Alerting

2 minute read

Alerting

Targeted audience

This document is intended for OpenShift developers that want to write alerting rules for their operators and operands.

Configuring alerting rules

You configure alerting rules based on the metrics being collected for your component(s). To do so, you should create PrometheusRule objects in your operator/operand namespace which will also be picked up by the Prometheus operator (provided that the namespace has the openshift.io/cluster-monitoring="true" label for layered operators).

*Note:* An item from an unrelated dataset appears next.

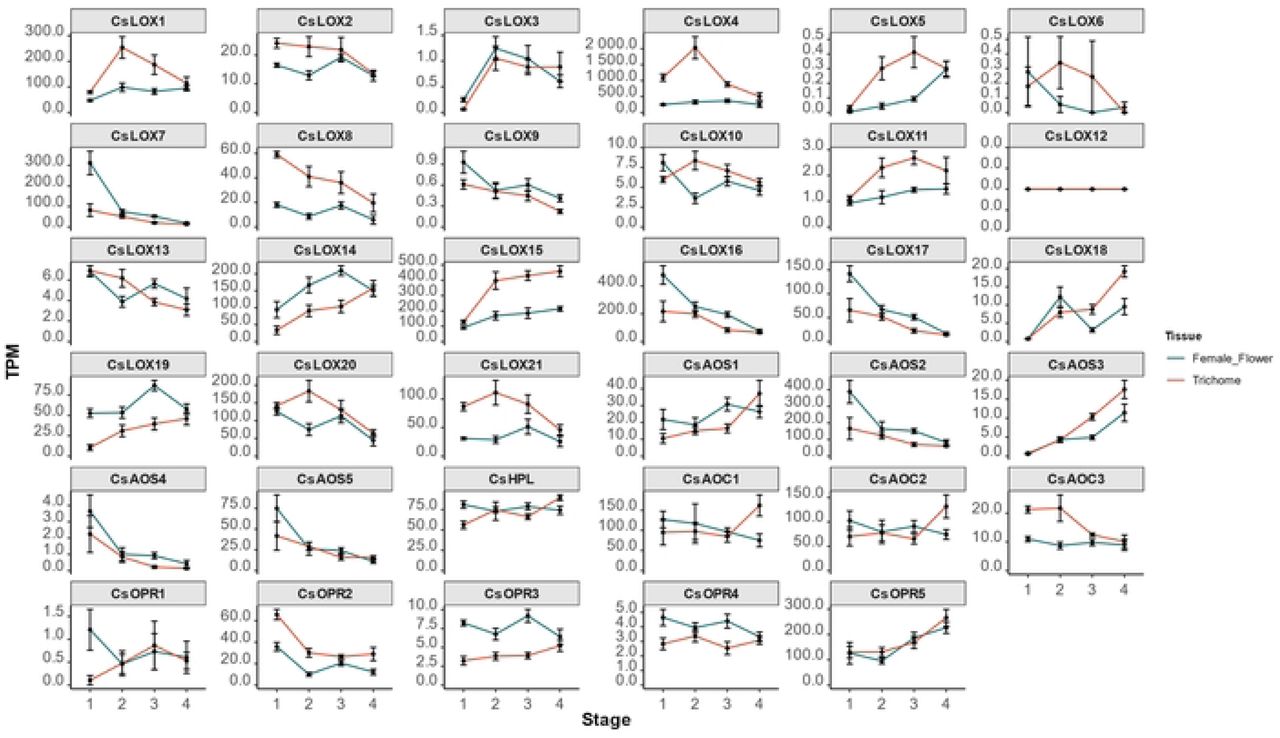 Expression of oxylipin biosynthetic genes across four developmental stages in C. sativa flowers and trichomes.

Here is an example of a PrometheusRule object with a single alerting rule:

apiVersion: monitoring.coreos.com/v1
kind: PrometheusRule
metadata:
  name: cluster-example-operator-rules
  namespace: openshift-example-operator
spec:
  groups:
  - name: operator
    rules:
    - alert: ClusterExampleOperatorUnhealthy
      annotations:
        description: Cluster Example operator running in pod {{$labels.namespace}}/{{$labels.pods}} is not healthy.
        summary: Operator Example not healthy
      expr: |
                max by(pod, namespace) (last_over_time(example_operator_healthy[5m])) == 0
      for: 15m
      labels:
        severity: warning

You can choose to configure all your alerting rules into a single PrometheusRule object or split them into different objects (one per component). The mechanism to deploy the object(s) depends on the context: it can be deployed by the Cluster Version Operator (CVO), the Operator Lifecycle Manager (OLM) or your own operator.

Guidelines

Please refer to the Alerting Consistency OpenShift enhancement proposal for the recommendations applying to OCP built-in alerting rules.

If you need a review of alerting rules from the OCP monitoring team, you can reach them on the #forum-openshift-monitoring channel.

Identifying alerting rules without a namespace label

The enhancement proposal mentioned above states the following for OCP built-in alerts:

Alerts SHOULD include a namespace label indicating the source of the alert.

Unfortunately this isn’t something that we can verify by static analysis because the namespace label can come from the PromQL result or be added statically. Nevertheless we can still use the Telemetry data to identify OCP alerts that don’t respect this statement.

First, create an OCP cluster from the latest stable release. Once it is installed, run this command to return the list of all OCP built-in alert names:

curl -sk -H "Authorization: Bearer $(oc create token prometheus-k8s -n openshift-monitoring)" \
https://$(oc get routes -n openshift-monitoring thanos-querier -o jsonpath='{.status.ingress[0].host}')/api/v1/rules \
| jq -cr '.data.groups | map(.rules) | flatten | map(select(.type =="alerting")) | map(.name) | unique |join("|")'

Then from https://telemeter-lts.datahub.redhat.com, retrieve the list of all alerts matching the names that fired without a namespace label, grouped by minor release:

count by (alertname,version) (
  alerts{alertname=~"<insert the list of names returned by the previous command>",namespace=""} *
  on(_id) group_left(version) max by(_id, version) (
    label_replace(id_version_ebs_account_internal:cluster_subscribed{version=~"4.\d\d.*"}, "version", "$1", "version", "^(4.\\d+).*$")
  )
)

You should now track back the non-compliant alerts to their component of origin and file bugs against them (example).

The exercise should be done at regular intervals, at least once per release cycle.

Last modified November 14, 2024